Figure 1. Variation in C-clade Nef sequences, and relationship between amino acid variability and presence of HLA-class I selection pressure.

[A] Nef consensus sequence (derived from 739 C-clade sequences from Southern African patients) plotted against Shannon entropy score. Residues at which there is an association with HLA-Class I expression are shown in grey. As previously observed, the sequence is most highly conserved in the central portion of the protein (residues 66-148) [8].. [B] Entropy scores of residues associated with HLA-class I expression vs. those with no HLA association, showing significantly higher variability at sites at which HLA selection operates, particularly in the central conserved region. P-value by Mann Whitney U test.

Figure 2. Relationship between number of HLA associations with Nef sequence polymorphisms and median viral load for subjects expressing that allele, for HLA-A, -B and -C alleles.

Data from lineage-corrected analysis of 739 C-clade Nef sequences. P-values by Mann–Whitney U test.

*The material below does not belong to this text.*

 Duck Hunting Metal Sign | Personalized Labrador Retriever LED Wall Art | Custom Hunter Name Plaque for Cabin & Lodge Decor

Figure 3. Confirmation of Nef-KY11 (KEKGGLEGLIY) and Nef-QY9 (QEILDLWVY) as novel HLA-B*44: 03 restricted

CD8 T cell epitopes using HLA-Class I tetramers. HLA-B*44: 03 tetramers were loaded with [A] Nef-KY11 and [B] Nef-QY9 optimal peptide and stained against donor PBMC’s from a C-clade infected B*44: 03 positive individual, subject R129 HLA-A*23: 01/30:04, B*08: 01/44:03, C*03:04/04:01. The number shown above each gate is the percentage of total lymphocytes that are tetramer-specific (tetramer positive cells expressed as a percentage of CD8+ cells were 1.48% for KY11 and 0.65% for QY9).

Figure 4. Map of central region of Nef showing sites of key epitopes and residues at which CD8+ selection pressure operates.

Central conserved region of HIV-1 Nef is shown previously defined as HXB2 residues 81-160 [8]. Corresponding B-clade and C-clade consensus sequences are shown along with SIVmac239 consensus. Positions of epitopes restricted by alleles HLA-B*27 [37], HLA-B*57 [28,64,65] and HLA-B*44 are highlighted in green, orange and blue respectively. Regions homologous to Mamu-B*08 [36] and Mamu-B*17 epitopes [66] are also marked (yellow and purple respectively). SIV 115-129 also highlighted as a region recently associated with SIV control in macaques [41]. Responses to overlapping peptides 79 and 85 are associated with viraemic control, q<0.2 (black boxes). Sites of mutations selected by HLA-B*57, HLA-B*27, HLA-B*44, Mamu-B*08 and Mamu-B*17 are marked with arrows [29,36,67]. This highlights the substantial overlap between HIV and SIV epitopes restricted by alleles that are associated with favourable immune control.